# Wood Filling Pores Padauk



## KevBotWorkshop (May 13, 2017)

I've been reading up on filling wood pores. I did a project recently that I used some Padauk on and during the finishing process I went to use some paste wax on it and some of the wax got in the pores. As some of you know Padauk has some very noticeable pores/grooves and you can definitely see the paste wax as I couldn't get in there and rub it around.

In my research I saw that some people use wood fillers like Timber Mate to fill pores and grain to make a smooth surface. These fillers are colored for specific woods like Walnut, Oak, etc. My Question is has anyone used something like this on Padauk? I looked and they didn't have a set color Padauk and so i wanted something that would work well. I thought maybe black or ebony would work as it will go with the darker grain.

Would love to hear some input.

Thanks


----------



## JayT (May 6, 2012)

What I do for pore filling is to flood the surface with a heavy coat of natural Danish oil and then wet sand so that the pores fill with a combination of the oil and sawdust. It works well on any species I've used and color is guaranteed to be consistent. I just make sure to give extra time for the Danish oil to cure before doing anything else.


----------



## RichT (Oct 14, 2016)

I've used three products that I can recommend without hesitation. The first two are water based and the third is solvent based.

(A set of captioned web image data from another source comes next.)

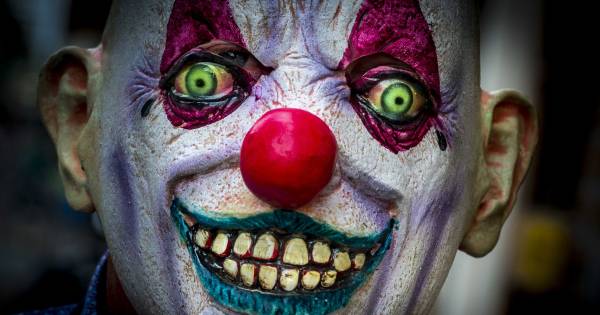 Horrorclown jaagt meiden schrik aan in Heikant | Zeeland - BN DeStem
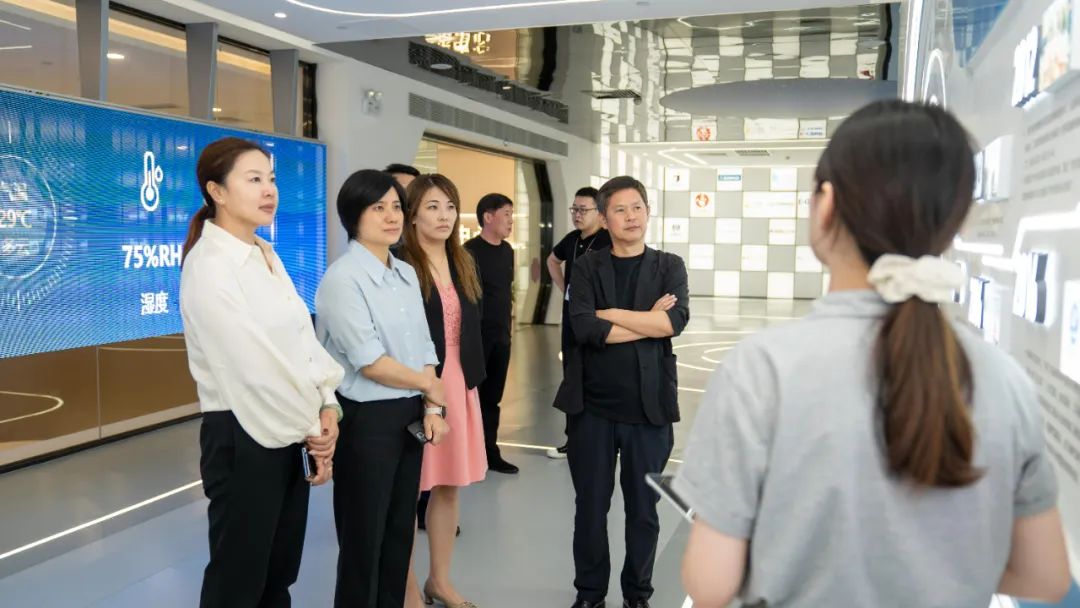 �µ���(�й���)�������޹�˾����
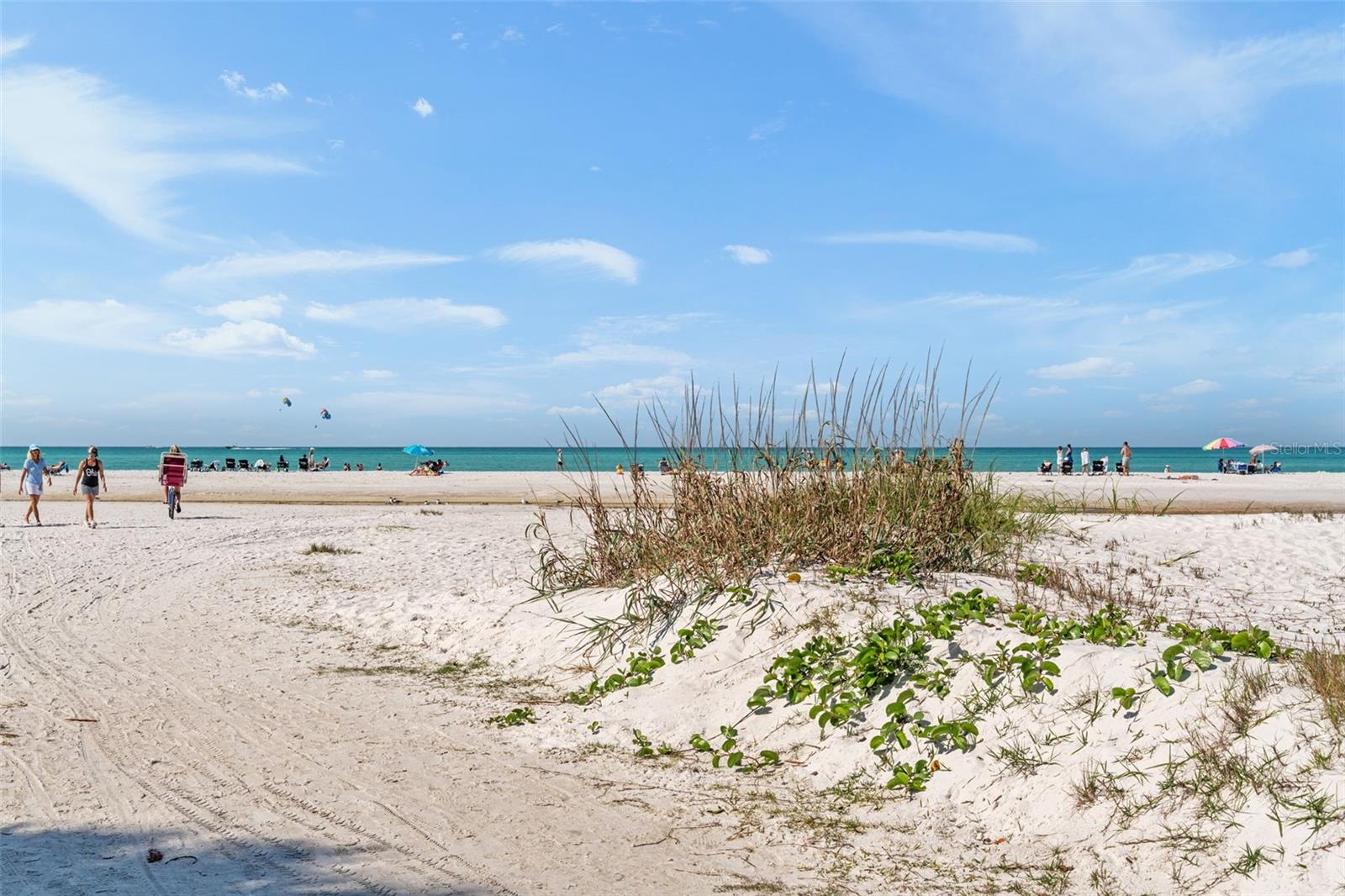 CASA BLANCA VILLAS - Residential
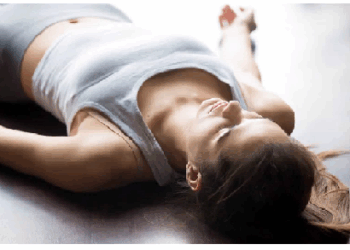 रात के समय भी कुछ योगासन हो सकते हैं फायदेमंद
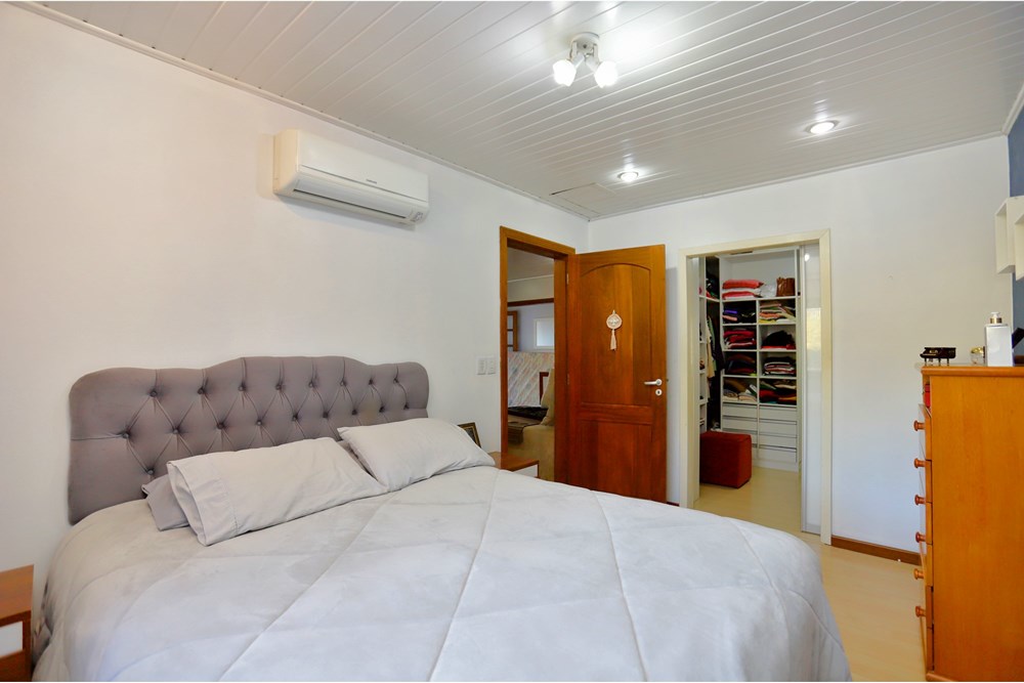 Casa à venda com 3 quartos, 264m² - Foto 32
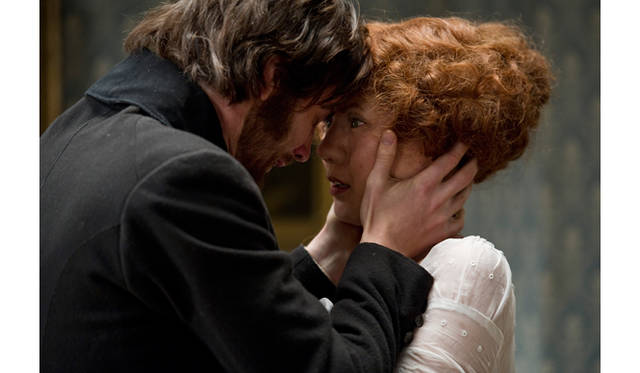 <strong>MOVIE｜『クラウド・アトラス』</strong>　理想に燃える若き弁護士アダム・ユーイ ングを演じたジム・スタージェス（左）と、彼の最愛の妻ティルダとして西洋人に変身した韓国人女優のペ・ドゥナ　© 2012 Warner Bros. Entertainment.  All rights reserved.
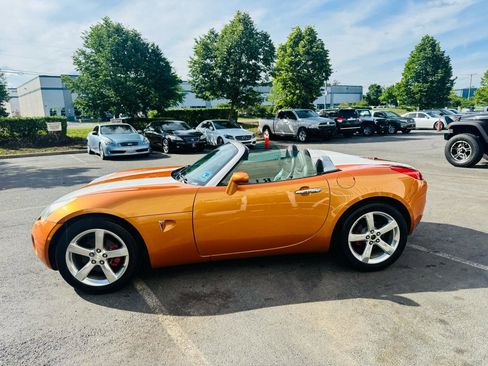 Used 2006 Pontiac Solstice Convertible w/ Premium Package RWD image 25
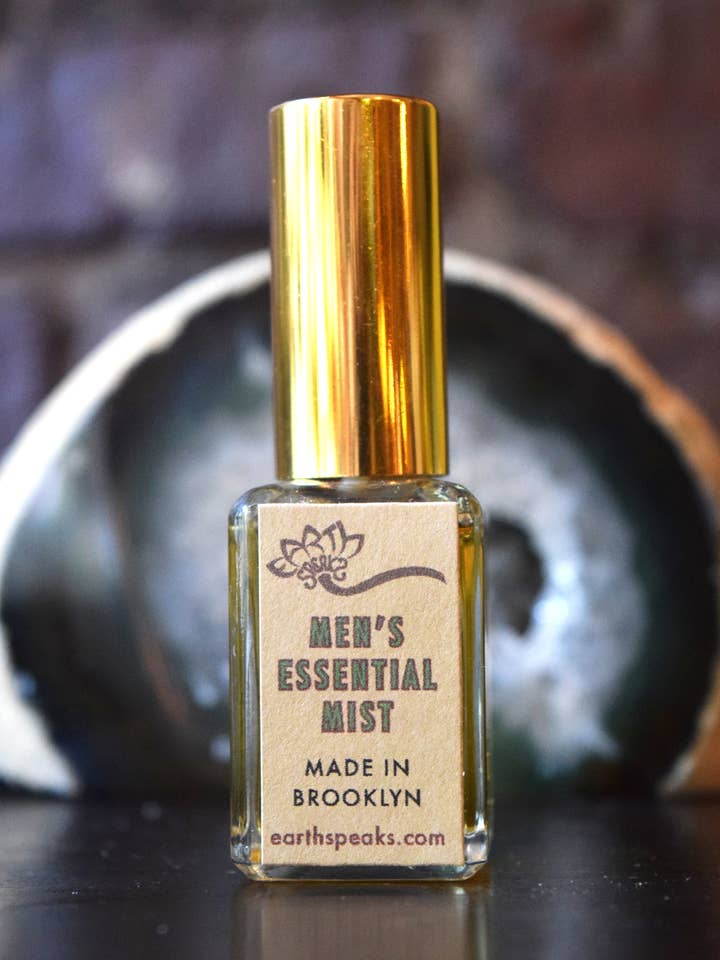 Essential Mist pour hommes pour la vente par Earth Speaks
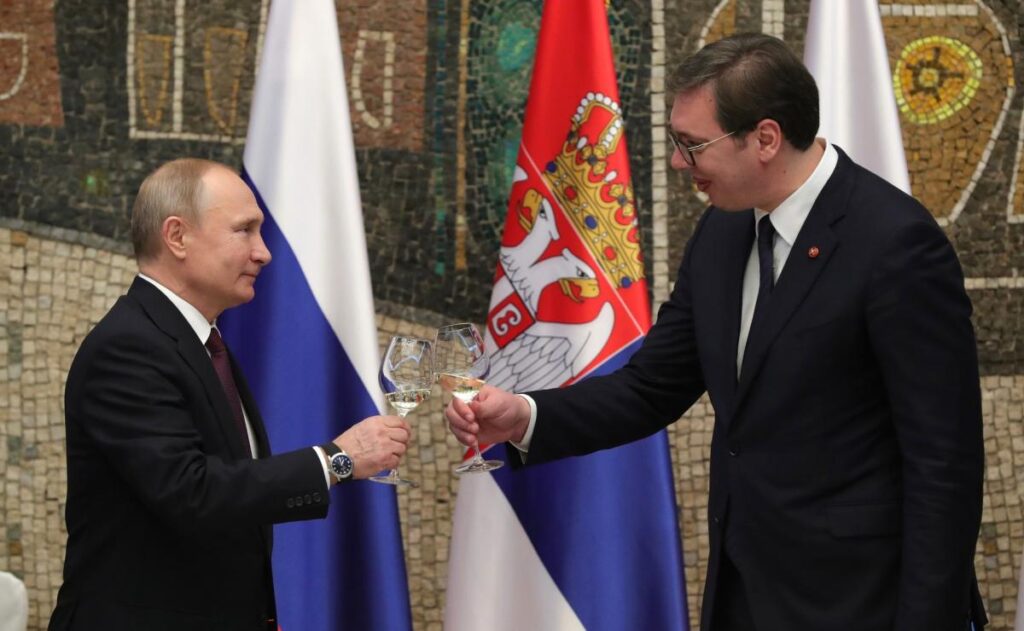 Serbia will receive T-72 tanks from Russia, confirmed the Serbian Defense Minister Nebojsa Stefanovic.  “Thirty modern T-72 tanks will arrive as part of the Vucic- Putin agreement reached in Sochi. They will significantly strengthen our military capabilities,” Stefanovic told Belgrade media, Free Europe Radio reports.serbi  He also said that in the future, they will work on equipping special units and intelligence.  The media reported that the first tanks from the Russian donation arrived in Serbia on October 28.  The donation is part of an agreement reached by Serbian President Aleksandar Vucic with Russian Defense Minister Sergei Shoigu in 2016. This agreement was later approved by the Russian President, Vladimir Putin.  The donation also includes six MiG-29 fighter jets and 30 BRDM-2 reconnaissance armoured vehicles.  In 2019, the Serbian Ministry of Defense rejected the request of the Balkan Service of Radio Free Europe to provide a copy of the donation agreement.  The Ministry of Defense said at the time that the agreement “contains foreign secret data, is data entrusted to the Republic of Serbia by another state, with the obligation to keep them a secret”.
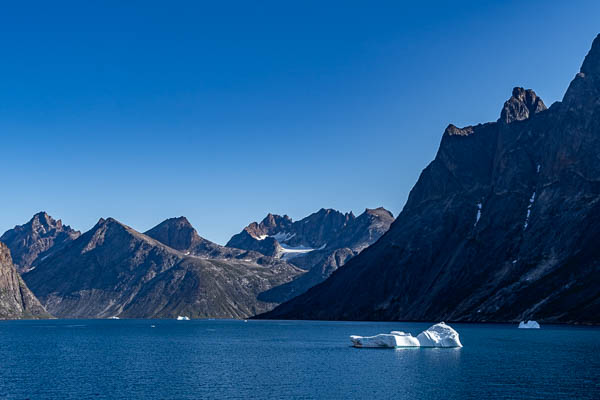 Fjord Torsukattaq : Issuttussoq, 1457 m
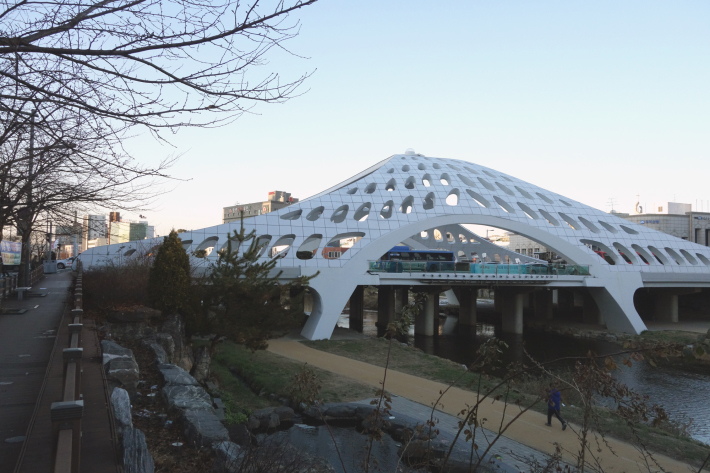 旧大田女子中学校講堂 大田大興洞聖堂 旧国立農産物品質管理院忠清支院 木尺橋 旧産業銀行大田支店 2018年12月 大田・ソウルの旅(4)_f0117059_16434622.jpg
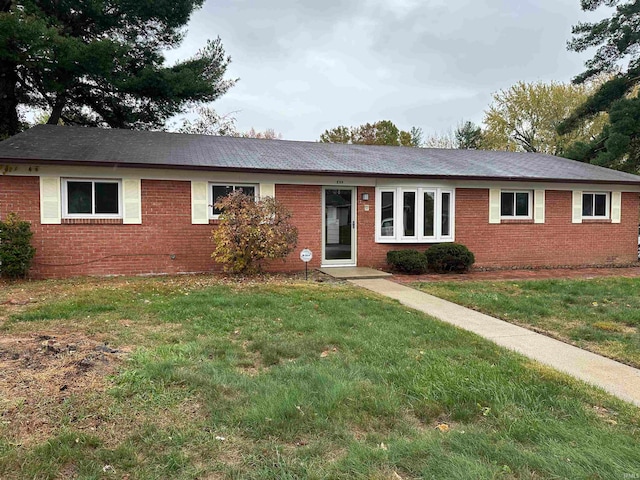 ranch-style home featuring a front lawn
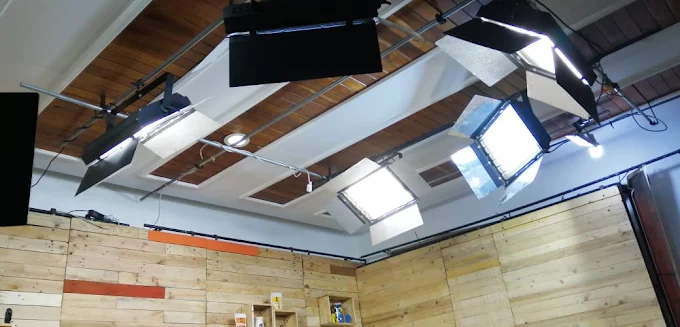Grille d'éclairage LED en plafond du studio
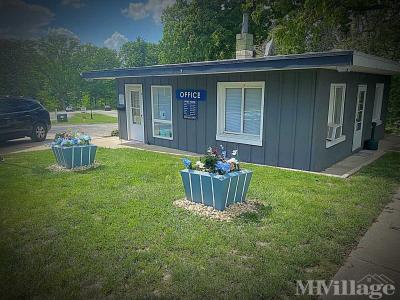 Photo 2 of 4 of park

Aqua Coat is a gel-like clear product that you apply with a bondo spreader, pressing it into the pores and then scrape off the excess. It sands nicely, and after going over it with 220 grit, if you still want a more pore free surface, do one or two more applications. It does not affect the color of the wood in any way.

General Finishes Enduro water based sanding sealer is easy to use, and it too will not affect the color of the wood. It brushes on and sands easily. You can either do a brush and sand and repeat process, or brush on two or three coats, allowing it to dry in between, and do a final sanding.

Finally, Mohawk offers a aerosol spray lacquer based product called Heavy Body Sanding Sealer. It's easy to use, and does give the wood that deeper look like regular lacquer. Sanding is optional, depending on the look you're going for, and it dries almost dead flat. Since it is lacquer based, if you're doing lacquer topcoats, they lay down very nicely.


----------



## Gilley23 (May 9, 2017)

With the Danish Oil, are there any top coats to avoid that won't adhere properly over top of the Danish Oil?



> What I do for pore filling is to flood the surface with a heavy coat of natural Danish oil and then wet sand so that the pores fill with a combination of the oil and sawdust. It works well on any species I ve used and color is guaranteed to be consistent. I just make sure to give extra time for the Danish oil to cure before doing anything else.
> 
> - JayT


----------



## wormil (Nov 19, 2011)

If you start with Danish oil I would stick with it. Makes everything simpler. Some are thinned varnish, some are thinned varnish with oil added. But you could top coat with varnish or shellac.


----------



## JayT (May 6, 2012)

I use Watco Danish Oil and for some projects use it as the only finish. On others that need to withstand more abuse I have top coated with polyurethane. As long as you let the oil cure, then there is no problem. A couple projects were done with a shellac seal coat between the Danish Oil and poly, while others were not. There haven't been issues either way.


----------



## RichT (Oct 14, 2016)

You can put any topcoat you want over Danish oil once it's cured. Shellac is always a good safety net to prevent colors from bleeding.


----------